Les États-Unis ont également annoncé le mois dernier des droits de douane sectoriels sur les importations automobiles, entrés en vigueur cette semaine, ainsi que des droits de douane de grande envergure sur d’autres pays, suscitant des inquiétudes quant à la possibilité d’une récession mondiale.

Pas près de s’arrêter

Selon Tu Nguyen, les pertes d’emplois au Canada continueront de s’accumuler si les droits de douane restent en vigueur, citant la décision de Stellantis d’interrompre le travail pendant deux semaines à son usine d’assemblage de Windsor, en Ontario, l’entreprise évaluant la situation comme un exemple de ce qui pourrait arriver.

« Le secteur automobile est tellement intégré en Amérique du Nord qu’une fois qu’on frappe un pays, on frappe tout le monde », a-t-elle souligné.

Claire Fan, économiste principale à la RBC, a mentionné que les données sur l’emploi de mars étaient légèrement inférieures aux prévisions de la banque, mais que la faiblesse pourrait encore se poursuivre.

« De plus, les risques pour la croissance américaine, liés aux droits de douane beaucoup plus élevés qui menacent d’être imposés sur les importations en provenance de la plupart des autres pays, pourraient également avoir un impact négatif sur le Canada », a-t-elle écrit.

Claire Fan a souligné que le Canada avait perdu environ 7000 emplois manufacturiers en mars.

« L’emploi dans le secteur sera surveillé de près dans les prochaines données sur l’emploi, afin de déceler tout signe d’impact des droits de douane sur les conditions de travail au Canada », a-t-elle déclaré.

D’après Tu Nguyen, la Banque du Canada se trouvait dans une situation difficile en raison de la persistance d’une certaine inflation sous-jacente.

« Mais, compte tenu de la faiblesse du rapport sur l’emploi de mars et de la prévision d’une récession en raison du taux tarifaire actuel, je pense que la Banque du Canada pourrait envisager d’abaisser son taux d’intérêt à 2,5 % », a-t-elle avancé.

Le taux de référence actuel est de 2,75 %, après sept baisses consécutives.

La prochaine décision de la Banque du Canada concernant les taux d’intérêt est prévue pour le 16 avril, date à laquelle elle publiera également son dernier rapport sur la politique monétaire, qui comprendra ses prévisions économiques actualisées.

Le recul de l’emploi à l’échelle nationale s’explique par la perte de 62 000 emplois à temps plein, compensée partiellement par une hausse de l’emploi à temps partiel.

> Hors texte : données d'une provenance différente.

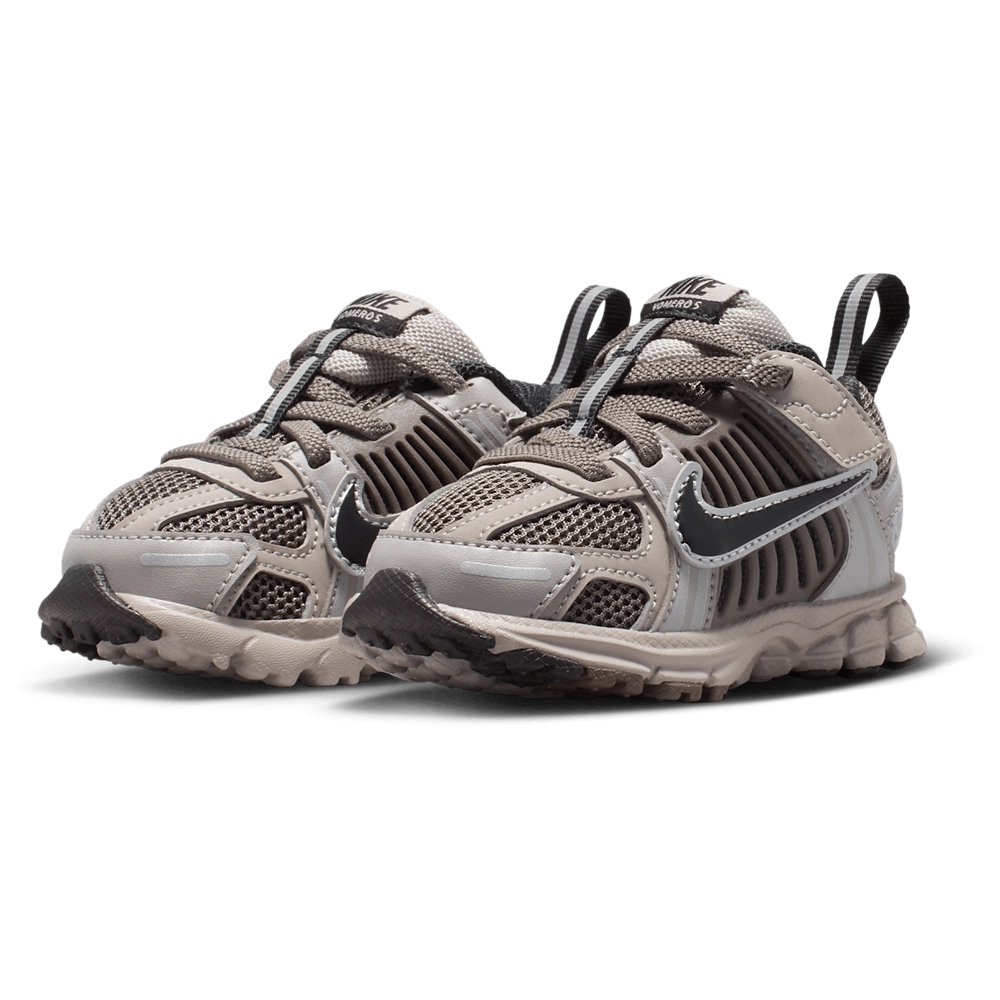 Nike Vomero 5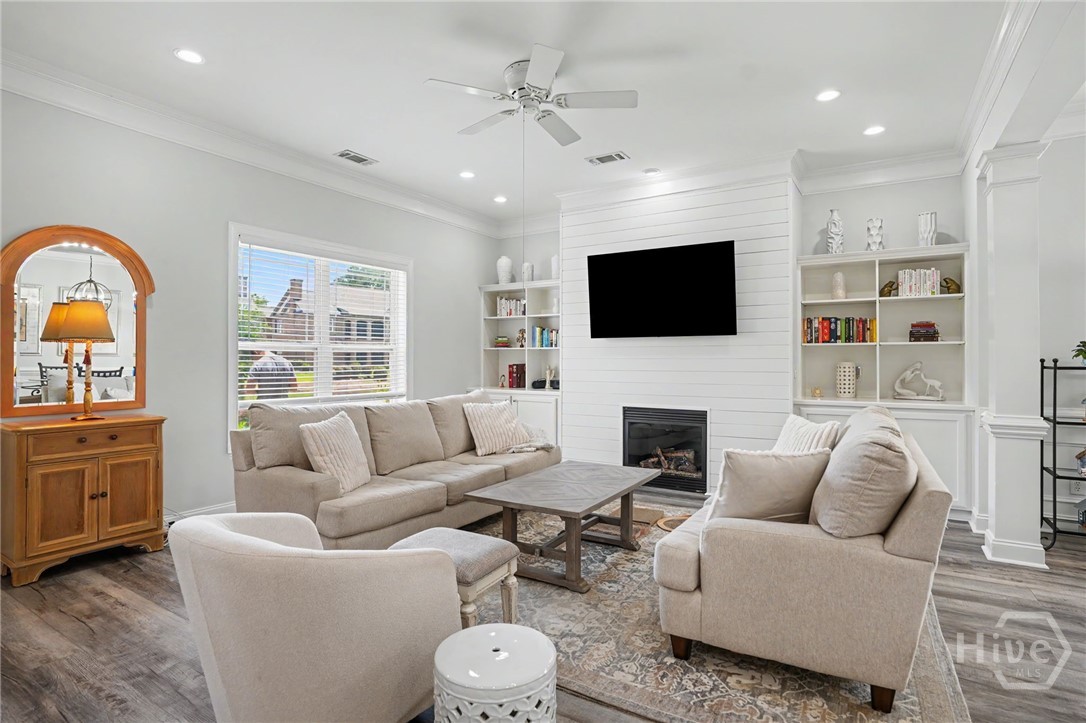 1002 River Oaks Drive Property Photo 14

L’Ontario et l’Alberta ont été les deux provinces les plus touchées par les pertes d’emplois, alors qu’il s’est perdu 28 000 postes en Ontario et 15 000 en Alberta.

Au Québec, le taux de chômage a connu une hausse de 0,4 point de pourcentage pour s’élever à 5,7 %.

Le secteur du commerce de gros et de détail a perdu 29 000 emplois en mars, ce qui annule en partie l’augmentation de 51 000 emplois enregistrée en février.

Le secteur de l’information, de la culture et des loisirs a perdu 20 000 emplois le mois dernier.

Parallèlement, le secteur des « autres services », qui comprend les services personnels et les services de réparation, a créé 12 000 emplois. Il s’est ajouté 4200 emplois dans les services publics.

Le nombre total d’heures travaillées a augmenté de 0,4 % en mars, après avoir reculé de 1,3 % en février.

Le salaire horaire moyen des employés a augmenté de 3,6 % sur une base annuelle en mars.